• **What to do**:
All entries below must be reproduced without a single change.

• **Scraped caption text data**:
- - - -

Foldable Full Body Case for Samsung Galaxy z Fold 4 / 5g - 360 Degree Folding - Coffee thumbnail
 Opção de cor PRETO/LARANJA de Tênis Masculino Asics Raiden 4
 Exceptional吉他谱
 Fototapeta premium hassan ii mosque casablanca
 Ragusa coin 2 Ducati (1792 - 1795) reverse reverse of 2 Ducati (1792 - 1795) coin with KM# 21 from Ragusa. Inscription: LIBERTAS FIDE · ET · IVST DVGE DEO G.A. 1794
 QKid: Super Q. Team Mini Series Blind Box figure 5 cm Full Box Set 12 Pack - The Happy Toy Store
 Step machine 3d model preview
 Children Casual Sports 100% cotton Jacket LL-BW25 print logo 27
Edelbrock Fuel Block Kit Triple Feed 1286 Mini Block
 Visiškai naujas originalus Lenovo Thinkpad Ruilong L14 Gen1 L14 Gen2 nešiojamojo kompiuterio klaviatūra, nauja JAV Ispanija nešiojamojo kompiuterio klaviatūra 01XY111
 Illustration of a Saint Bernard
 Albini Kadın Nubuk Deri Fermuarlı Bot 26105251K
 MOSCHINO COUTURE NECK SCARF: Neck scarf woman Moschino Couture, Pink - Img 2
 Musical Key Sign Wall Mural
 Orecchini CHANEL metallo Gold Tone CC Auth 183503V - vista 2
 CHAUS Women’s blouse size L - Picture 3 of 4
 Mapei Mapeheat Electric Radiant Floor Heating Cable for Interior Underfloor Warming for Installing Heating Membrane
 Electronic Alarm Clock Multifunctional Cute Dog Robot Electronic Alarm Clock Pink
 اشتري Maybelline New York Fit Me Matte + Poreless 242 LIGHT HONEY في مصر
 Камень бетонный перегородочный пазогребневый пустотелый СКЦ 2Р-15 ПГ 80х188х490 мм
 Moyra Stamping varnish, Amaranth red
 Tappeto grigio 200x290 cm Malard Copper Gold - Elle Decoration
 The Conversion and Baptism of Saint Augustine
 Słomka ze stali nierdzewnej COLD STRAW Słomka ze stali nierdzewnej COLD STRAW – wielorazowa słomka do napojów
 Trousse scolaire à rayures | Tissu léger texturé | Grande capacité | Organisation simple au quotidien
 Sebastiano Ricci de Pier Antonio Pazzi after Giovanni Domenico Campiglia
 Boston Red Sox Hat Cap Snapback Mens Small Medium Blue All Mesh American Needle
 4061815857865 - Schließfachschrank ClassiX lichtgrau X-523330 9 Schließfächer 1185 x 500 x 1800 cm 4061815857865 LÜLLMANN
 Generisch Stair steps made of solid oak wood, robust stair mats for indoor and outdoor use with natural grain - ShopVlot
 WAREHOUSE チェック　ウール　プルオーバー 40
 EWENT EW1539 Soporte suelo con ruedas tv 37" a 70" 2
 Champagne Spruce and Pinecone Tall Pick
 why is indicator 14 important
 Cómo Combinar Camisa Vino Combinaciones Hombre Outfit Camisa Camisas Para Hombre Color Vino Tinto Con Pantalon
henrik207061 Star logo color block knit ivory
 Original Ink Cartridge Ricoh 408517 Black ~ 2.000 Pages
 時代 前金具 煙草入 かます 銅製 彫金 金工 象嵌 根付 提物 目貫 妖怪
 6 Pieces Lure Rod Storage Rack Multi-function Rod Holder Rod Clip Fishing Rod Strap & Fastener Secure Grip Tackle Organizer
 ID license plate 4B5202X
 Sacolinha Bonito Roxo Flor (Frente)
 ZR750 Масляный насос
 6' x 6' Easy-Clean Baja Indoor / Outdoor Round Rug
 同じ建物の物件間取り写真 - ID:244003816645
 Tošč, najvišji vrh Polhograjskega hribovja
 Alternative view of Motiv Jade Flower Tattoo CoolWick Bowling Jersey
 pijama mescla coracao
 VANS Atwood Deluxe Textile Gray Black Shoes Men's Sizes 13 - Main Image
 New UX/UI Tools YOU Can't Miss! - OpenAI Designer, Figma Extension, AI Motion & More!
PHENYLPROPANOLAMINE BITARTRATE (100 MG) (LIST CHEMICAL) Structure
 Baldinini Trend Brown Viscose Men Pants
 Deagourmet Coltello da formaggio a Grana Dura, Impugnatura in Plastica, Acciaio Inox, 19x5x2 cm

- - - -

• **Task answer**:
Foldable Full Body Case for Samsung Galaxy z Fold 4 / 5g - 360 Degree Folding - Coffee thumbnail
 Opção de cor PRETO/LARANJA de Tênis Masculino Asics Raiden 4
 Exceptional吉他谱
 Fototapeta premium hassan ii mosque casablanca
 Ragusa coin 2 Ducati (1792 - 1795) reverse reverse of 2 Ducati (1792 - 1795) coin with KM# 21 from Ragusa. Inscription: LIBERTAS FIDE · ET · IVST DVGE DEO G.A. 1794
 QKid: Super Q. Team Mini Series Blind Box figure 5 cm Full Box Set 12 Pack - The Happy Toy Store
 Step machine 3d model preview
 Children Casual Sports 100% cotton Jacket LL-BW25 print logo 27
Edelbrock Fuel Block Kit Triple Feed 1286 Mini Block
 Visiškai naujas originalus Lenovo Thinkpad Ruilong L14 Gen1 L14 Gen2 nešiojamojo kompiuterio klaviatūra, nauja JAV Ispanija nešiojamojo kompiuterio klaviatūra 01XY111
 Illustration of a Saint Bernard
 Albini Kadın Nubuk Deri Fermuarlı Bot 26105251K
 MOSCHINO COUTURE NECK SCARF: Neck scarf woman Moschino Couture, Pink - Img 2
 Musical Key Sign Wall Mural
 Orecchini CHANEL metallo Gold Tone CC Auth 183503V - vista 2
 CHAUS Women’s blouse size L - Picture 3 of 4
 Mapei Mapeheat Electric Radiant Floor Heating Cable for Interior Underfloor Warming for Installing Heating Membrane
 Electronic Alarm Clock Multifunctional Cute Dog Robot Electronic Alarm Clock Pink
 اشتري Maybelline New York Fit Me Matte + Poreless 242 LIGHT HONEY في مصر
 Камень бетонный перегородочный пазогребневый пустотелый СКЦ 2Р-15 ПГ 80х188х490 мм
 Moyra Stamping varnish, Amaranth red
 Tappeto grigio 200x290 cm Malard Copper Gold - Elle Decoration
 The Conversion and Baptism of Saint Augustine
 Słomka ze stali nierdzewnej COLD STRAW Słomka ze stali nierdzewnej COLD STRAW – wielorazowa słomka do napojów
 Trousse scolaire à rayures | Tissu léger texturé | Grande capacité | Organisation simple au quotidien
 Sebastiano Ricci de Pier Antonio Pazzi after Giovanni Domenico Campiglia
 Boston Red Sox Hat Cap Snapback Mens Small Medium Blue All Mesh American Needle
 4061815857865 - Schließfachschrank ClassiX lichtgrau X-523330 9 Schließfächer 1185 x 500 x 1800 cm 4061815857865 LÜLLMANN
 Generisch Stair steps made of solid oak wood, robust stair mats for indoor and outdoor use with natural grain - ShopVlot
 WAREHOUSE チェック　ウール　プルオーバー 40
 EWENT EW1539 Soporte suelo con ruedas tv 37" a 70" 2
 Champagne Spruce and Pinecone Tall Pick
 why is indicator 14 important
 Cómo Combinar Camisa Vino Combinaciones Hombre Outfit Camisa Camisas Para Hombre Color Vino Tinto Con Pantalon
henrik207061 Star logo color block knit ivory
 Original Ink Cartridge Ricoh 408517 Black ~ 2.000 Pages
 時代 前金具 煙草入 かます 銅製 彫金 金工 象嵌 根付 提物 目貫 妖怪
 6 Pieces Lure Rod Storage Rack Multi-function Rod Holder Rod Clip Fishing Rod Strap & Fastener Secure Grip Tackle Organizer
 ID license plate 4B5202X
 Sacolinha Bonito Roxo Flor (Frente)
 ZR750 Масляный насос
 6' x 6' Easy-Clean Baja Indoor / Outdoor Round Rug
 同じ建物の物件間取り写真 - ID:244003816645
 Tošč, najvišji vrh Polhograjskega hribovja
 Alternative view of Motiv Jade Flower Tattoo CoolWick Bowling Jersey
 pijama mescla coracao
 VANS Atwood Deluxe Textile Gray Black Shoes Men's Sizes 13 - Main Image
 New UX/UI Tools YOU Can't Miss! - OpenAI Designer, Figma Extension, AI Motion & More!
PHENYLPROPANOLAMINE BITARTRATE (100 MG) (LIST CHEMICAL) Structure
 Baldinini Trend Brown Viscose Men Pants
 Deagourmet Coltello da formaggio a Grana Dura, Impugnatura in Plastica, Acciaio Inox, 19x5x2 cm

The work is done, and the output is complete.